Splunk is committed to using inclusive and unbiased language. This blog post might contain terminology that we no longer use. For more information on our updated terminology and our stance on biased language, please visit our blog post. We appreciate your understanding as we work towards making our community more inclusive for everyone.
Harvesting the Low Hanging Fruit on Your Sustainability Journey
Co-authors: Two villages
From Splunk: The Strategic Advisory Group EMEA (SAG), namely Ewald Munz (IA), Luke Beare (BVA), Anne Jacobsen (Cloud) and Kirsty Paine (CTA), from the Accenture EMEA partner org namely Melanie Moehl, Marcel Seifert and Alexander Okl, from the Sales Engineering EMEA (SE) side namely Marc Thomas, from the Cloud Service Provider org namely Gill Newsome, from the Professional Services (PS) side namely Sophie Dockstader and from European Government Affairs namely Clara Lemaire
From Accenture: Christian Golz, Luzia Sommer and Chi Nguyen from Accenture ASG Tech Sustainability Group; Francesco Sbaraglia and Rizki Pratama from Accenture Splunk Business Group
Heating with the Internet! was the headline of DataCenter Insider in Germany recently.
In the face of the current energy crisis, the article suggested using waste heat from data centers (and there is a lot of it!) to heat homes and offices in major cities in Germany and achieve CO2-neutral heating in the long term.

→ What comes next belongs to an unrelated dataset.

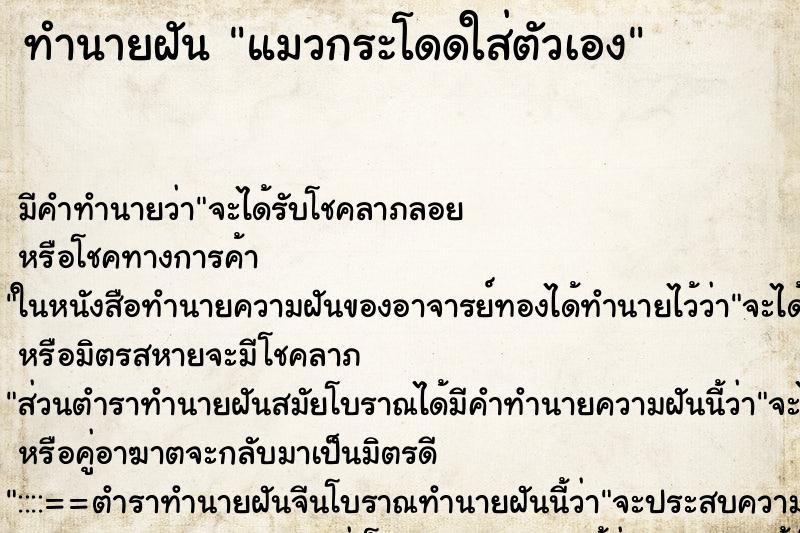 ทำนายฝันแมวกระโดดใส่ตัวเอง ทำนายฝันทำนายฝันแมวกระโดดใส่ตัวเอง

Initial forecasts for this are provided by Frankfurt am Main, which is the location of more than 60 data centers and the world's largest Internet exchange node: By 2030, all residential and office spaces in Frankfurt could receive a climate-neutral heat supply through waste heat recovery from data centers.
These considerations point toward the enormous dormant potential of data centers.

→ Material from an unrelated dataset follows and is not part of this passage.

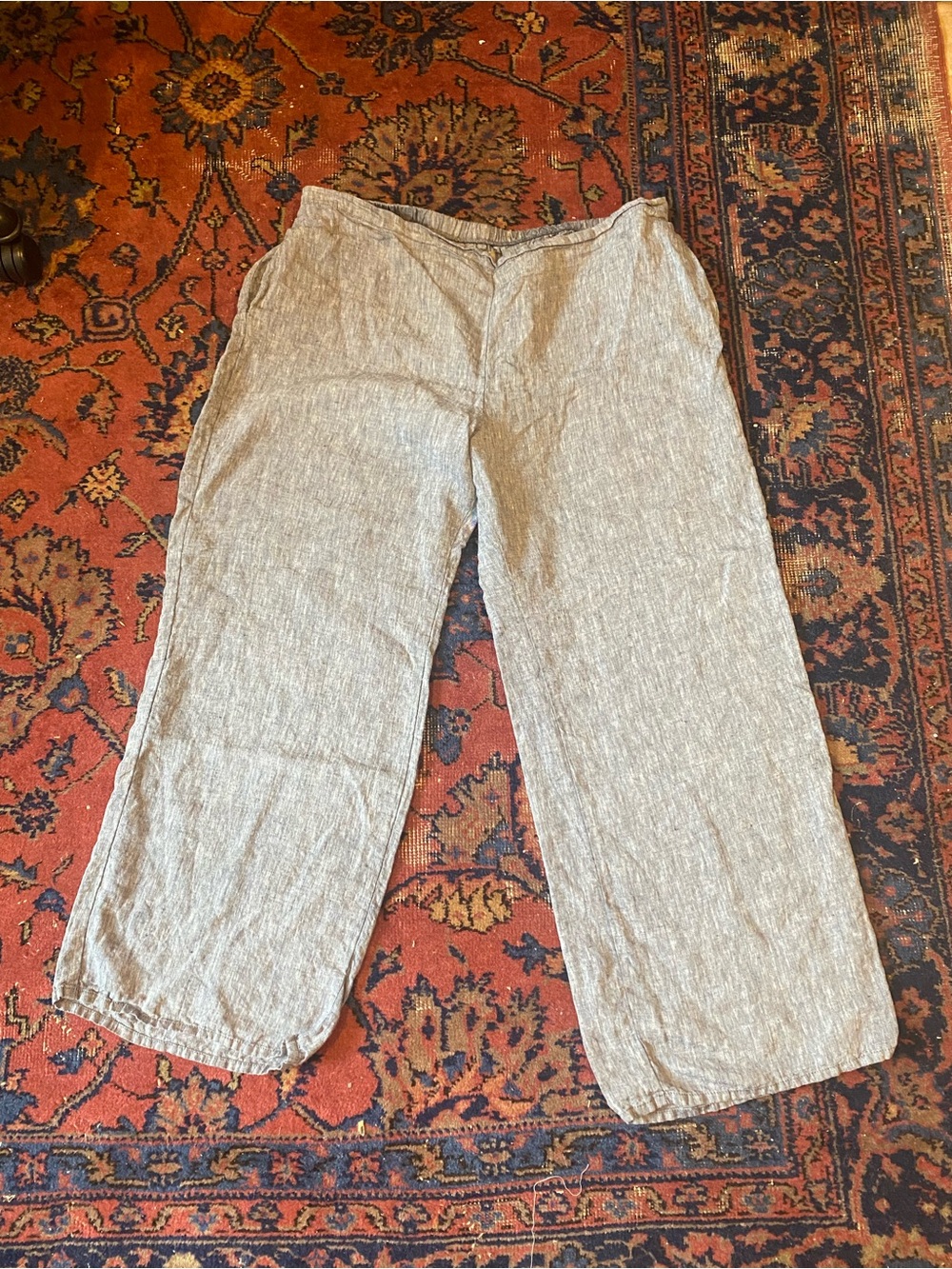 FLAX 100% Linen Wide Leg Pants Large Chambray Blue Pull On Made Lithuania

Data centers are spaces dedicated to holding data servers to store and process data across a variety of industries. Data centers have grown rapidly as data demand has risen exponentially. The provision of such computing power and storage capacity forms the foundation of the Digital Transformation and enables Industry 4.0, AI and Cloud projects.
According to CloudScene there were nearly 8,000 data centers globally in early 2021 with the US (33%), UK (6%) and Germany (6%) housing the majority. There are various types of data centers, ranging from on-premise data centers of individual organizations to large cloud-based data centers of the hyperscalers such as Amazon Web Services (AWS) and Google Cloud, and many subtypes in between.
The data explosion is real: Today nearly all the world's IP traffic goes through data centers and according to the International Energy Agency it is not just captured once because for every bit of data that travels the network from data centers to end users, another five bits of data are transmitted within and among data centers. This and other factors, such as increased use of the Internet, mean data center traffic is expected to increase 50 times by 2024 compared to 2010 according to Statista.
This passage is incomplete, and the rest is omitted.